◆ EXERCISE GOAL
From the entries below, return exactly the lines beginning at the one that contains "Martina Gramm und" and ending at the one that contains "Detail of dark", both of them included, and only those lines.

◆ EXERCISE DATA
-----
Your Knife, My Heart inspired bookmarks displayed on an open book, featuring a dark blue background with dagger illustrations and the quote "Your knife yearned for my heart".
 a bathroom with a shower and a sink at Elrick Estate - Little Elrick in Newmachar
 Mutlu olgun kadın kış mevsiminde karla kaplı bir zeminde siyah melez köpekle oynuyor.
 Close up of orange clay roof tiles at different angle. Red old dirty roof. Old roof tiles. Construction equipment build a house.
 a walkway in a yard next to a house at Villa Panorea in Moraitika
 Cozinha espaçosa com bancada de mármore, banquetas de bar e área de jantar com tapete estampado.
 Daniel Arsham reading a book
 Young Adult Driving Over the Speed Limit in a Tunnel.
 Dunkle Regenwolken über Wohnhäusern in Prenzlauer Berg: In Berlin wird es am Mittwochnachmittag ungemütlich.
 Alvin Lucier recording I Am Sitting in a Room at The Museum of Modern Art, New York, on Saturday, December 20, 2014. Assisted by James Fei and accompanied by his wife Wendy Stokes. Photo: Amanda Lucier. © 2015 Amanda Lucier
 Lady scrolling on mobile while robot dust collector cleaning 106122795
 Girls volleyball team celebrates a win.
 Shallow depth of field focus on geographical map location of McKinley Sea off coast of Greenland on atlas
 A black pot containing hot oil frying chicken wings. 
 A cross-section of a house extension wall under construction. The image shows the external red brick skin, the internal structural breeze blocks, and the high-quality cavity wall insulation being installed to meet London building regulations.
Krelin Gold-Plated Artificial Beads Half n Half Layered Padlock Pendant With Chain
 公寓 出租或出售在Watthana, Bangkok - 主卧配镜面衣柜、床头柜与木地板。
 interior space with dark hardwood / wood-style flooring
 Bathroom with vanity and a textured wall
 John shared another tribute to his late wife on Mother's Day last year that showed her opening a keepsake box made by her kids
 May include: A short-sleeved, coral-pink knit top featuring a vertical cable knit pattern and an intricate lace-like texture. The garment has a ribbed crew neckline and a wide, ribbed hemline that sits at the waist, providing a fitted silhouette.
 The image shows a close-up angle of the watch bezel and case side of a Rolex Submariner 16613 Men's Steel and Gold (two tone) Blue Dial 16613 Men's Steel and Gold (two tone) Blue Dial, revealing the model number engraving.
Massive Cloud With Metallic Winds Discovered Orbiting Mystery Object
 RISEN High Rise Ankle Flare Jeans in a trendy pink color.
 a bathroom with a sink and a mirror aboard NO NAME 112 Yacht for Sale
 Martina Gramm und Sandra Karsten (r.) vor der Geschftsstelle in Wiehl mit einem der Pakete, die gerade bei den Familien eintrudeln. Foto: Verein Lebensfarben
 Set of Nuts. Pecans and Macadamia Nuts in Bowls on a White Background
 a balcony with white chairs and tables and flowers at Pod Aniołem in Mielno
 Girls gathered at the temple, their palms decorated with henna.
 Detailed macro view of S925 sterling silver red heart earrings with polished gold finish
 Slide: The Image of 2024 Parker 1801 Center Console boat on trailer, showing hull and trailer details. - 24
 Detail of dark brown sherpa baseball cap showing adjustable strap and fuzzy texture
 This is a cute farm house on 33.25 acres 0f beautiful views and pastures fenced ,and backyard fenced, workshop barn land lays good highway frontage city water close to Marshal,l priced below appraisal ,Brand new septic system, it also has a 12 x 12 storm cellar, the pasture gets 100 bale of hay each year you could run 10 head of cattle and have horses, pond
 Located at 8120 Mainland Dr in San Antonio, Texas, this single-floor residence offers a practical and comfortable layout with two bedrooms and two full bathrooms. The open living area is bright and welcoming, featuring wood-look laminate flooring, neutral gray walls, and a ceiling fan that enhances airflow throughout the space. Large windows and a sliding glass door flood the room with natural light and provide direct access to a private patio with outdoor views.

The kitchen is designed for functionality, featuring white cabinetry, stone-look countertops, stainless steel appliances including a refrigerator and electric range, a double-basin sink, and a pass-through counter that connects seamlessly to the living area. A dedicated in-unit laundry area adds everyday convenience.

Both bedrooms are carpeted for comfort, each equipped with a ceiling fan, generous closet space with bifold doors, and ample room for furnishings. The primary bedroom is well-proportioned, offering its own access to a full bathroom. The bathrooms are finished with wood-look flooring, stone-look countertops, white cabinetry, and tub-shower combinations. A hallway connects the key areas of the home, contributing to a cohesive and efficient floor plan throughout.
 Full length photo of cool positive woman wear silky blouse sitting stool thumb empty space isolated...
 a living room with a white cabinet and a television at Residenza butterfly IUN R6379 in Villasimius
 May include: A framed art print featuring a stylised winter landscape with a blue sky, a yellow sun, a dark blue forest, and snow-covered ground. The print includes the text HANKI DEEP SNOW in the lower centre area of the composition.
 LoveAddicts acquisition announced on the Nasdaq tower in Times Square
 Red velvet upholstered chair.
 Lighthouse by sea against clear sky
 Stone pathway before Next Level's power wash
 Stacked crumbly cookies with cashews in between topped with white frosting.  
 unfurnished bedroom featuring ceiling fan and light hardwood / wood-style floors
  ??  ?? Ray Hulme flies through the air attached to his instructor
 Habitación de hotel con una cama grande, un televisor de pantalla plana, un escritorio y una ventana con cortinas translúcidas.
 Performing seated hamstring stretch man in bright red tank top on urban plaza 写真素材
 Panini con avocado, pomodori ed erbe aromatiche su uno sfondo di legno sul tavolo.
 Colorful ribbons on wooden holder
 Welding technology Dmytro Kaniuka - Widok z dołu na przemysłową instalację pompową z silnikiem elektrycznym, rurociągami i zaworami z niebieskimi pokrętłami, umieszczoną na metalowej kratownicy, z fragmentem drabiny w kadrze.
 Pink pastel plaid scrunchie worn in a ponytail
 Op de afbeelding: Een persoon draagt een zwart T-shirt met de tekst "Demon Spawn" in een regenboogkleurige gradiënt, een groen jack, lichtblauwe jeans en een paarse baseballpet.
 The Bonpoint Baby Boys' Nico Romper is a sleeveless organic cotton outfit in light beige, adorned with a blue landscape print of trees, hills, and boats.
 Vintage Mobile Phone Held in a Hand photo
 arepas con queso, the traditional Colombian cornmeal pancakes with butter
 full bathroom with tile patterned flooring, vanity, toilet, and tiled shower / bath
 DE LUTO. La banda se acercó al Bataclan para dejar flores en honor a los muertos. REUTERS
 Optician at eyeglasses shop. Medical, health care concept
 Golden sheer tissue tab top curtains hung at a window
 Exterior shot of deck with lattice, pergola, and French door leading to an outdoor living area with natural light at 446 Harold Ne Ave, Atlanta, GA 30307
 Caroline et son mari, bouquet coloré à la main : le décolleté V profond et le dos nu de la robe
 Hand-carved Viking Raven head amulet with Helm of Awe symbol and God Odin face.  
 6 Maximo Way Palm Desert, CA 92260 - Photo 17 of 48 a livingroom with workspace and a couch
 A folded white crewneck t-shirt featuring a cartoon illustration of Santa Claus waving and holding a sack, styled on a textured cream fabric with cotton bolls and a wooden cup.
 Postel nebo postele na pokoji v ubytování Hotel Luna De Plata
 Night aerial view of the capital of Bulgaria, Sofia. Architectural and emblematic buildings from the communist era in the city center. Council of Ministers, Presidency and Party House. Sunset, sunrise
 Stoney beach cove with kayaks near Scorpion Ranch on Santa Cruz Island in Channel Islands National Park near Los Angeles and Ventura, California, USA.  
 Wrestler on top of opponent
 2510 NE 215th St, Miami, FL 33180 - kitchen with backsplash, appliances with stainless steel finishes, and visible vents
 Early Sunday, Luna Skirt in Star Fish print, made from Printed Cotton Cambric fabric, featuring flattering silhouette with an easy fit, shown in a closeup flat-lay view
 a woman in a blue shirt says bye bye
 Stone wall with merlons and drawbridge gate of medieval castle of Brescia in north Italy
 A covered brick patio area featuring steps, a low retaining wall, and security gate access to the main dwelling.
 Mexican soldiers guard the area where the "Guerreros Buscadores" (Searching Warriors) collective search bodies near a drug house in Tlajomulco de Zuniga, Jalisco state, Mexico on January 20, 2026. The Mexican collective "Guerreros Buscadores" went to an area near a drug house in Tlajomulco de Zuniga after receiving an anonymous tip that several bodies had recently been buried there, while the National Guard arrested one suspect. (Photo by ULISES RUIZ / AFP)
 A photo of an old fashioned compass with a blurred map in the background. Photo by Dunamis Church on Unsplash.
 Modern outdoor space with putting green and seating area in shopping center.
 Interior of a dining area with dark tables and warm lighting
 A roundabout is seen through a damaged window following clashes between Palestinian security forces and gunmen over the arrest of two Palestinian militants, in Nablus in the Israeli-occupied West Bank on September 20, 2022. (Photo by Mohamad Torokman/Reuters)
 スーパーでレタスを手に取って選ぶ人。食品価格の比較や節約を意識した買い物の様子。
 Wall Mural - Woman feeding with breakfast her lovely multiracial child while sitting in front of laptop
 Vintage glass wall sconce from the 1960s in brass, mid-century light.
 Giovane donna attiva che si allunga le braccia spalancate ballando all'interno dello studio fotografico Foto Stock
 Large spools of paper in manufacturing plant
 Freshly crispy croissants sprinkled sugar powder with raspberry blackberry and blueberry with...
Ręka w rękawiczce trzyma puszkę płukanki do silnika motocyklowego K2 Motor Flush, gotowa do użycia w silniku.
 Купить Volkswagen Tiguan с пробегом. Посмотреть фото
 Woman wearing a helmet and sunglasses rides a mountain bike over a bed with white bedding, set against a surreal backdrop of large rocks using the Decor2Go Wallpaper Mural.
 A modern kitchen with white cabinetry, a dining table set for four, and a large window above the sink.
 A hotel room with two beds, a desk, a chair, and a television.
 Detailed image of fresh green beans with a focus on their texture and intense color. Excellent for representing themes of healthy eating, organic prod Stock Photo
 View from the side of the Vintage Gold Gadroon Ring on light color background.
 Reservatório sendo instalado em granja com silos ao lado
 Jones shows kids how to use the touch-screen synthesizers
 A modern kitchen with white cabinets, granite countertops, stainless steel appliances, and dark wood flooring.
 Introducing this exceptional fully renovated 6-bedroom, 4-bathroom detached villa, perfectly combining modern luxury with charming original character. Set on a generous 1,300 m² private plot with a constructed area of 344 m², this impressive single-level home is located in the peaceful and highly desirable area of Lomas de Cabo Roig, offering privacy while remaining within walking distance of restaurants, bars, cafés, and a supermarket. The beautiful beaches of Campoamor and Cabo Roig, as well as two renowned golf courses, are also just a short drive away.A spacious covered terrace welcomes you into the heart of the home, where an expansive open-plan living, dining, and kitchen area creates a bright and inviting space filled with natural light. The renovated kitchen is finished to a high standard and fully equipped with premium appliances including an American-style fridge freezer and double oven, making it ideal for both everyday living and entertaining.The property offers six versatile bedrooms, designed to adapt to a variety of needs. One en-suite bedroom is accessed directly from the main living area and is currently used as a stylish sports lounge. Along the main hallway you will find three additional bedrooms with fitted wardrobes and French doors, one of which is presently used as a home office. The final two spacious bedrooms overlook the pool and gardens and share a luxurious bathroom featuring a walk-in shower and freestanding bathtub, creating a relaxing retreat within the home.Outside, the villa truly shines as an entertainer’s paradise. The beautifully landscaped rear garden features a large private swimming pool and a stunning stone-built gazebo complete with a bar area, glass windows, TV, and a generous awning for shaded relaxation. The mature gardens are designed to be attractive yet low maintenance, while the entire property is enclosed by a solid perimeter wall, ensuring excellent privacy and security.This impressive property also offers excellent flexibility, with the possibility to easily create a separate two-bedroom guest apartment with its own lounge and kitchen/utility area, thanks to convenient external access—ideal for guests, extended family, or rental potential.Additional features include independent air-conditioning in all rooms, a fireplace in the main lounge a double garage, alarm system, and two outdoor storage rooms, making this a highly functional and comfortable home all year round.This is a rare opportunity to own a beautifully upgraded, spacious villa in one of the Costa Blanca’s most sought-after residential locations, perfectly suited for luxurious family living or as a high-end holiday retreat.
-----
◆ FINISHED TASK
 Martina Gramm und Sandra Karsten (r.) vor der Geschftsstelle in Wiehl mit einem der Pakete, die gerade bei den Familien eintrudeln. Foto: Verein Lebensfarben
 Set of Nuts. Pecans and Macadamia Nuts in Bowls on a White Background
 a balcony with white chairs and tables and flowers at Pod Aniołem in Mielno
 Girls gathered at the temple, their palms decorated with henna.
 Detailed macro view of S925 sterling silver red heart earrings with polished gold finish
 Slide: The Image of 2024 Parker 1801 Center Console boat on trailer, showing hull and trailer details. - 24
 Detail of dark brown sherpa baseball cap showing adjustable strap and fuzzy texture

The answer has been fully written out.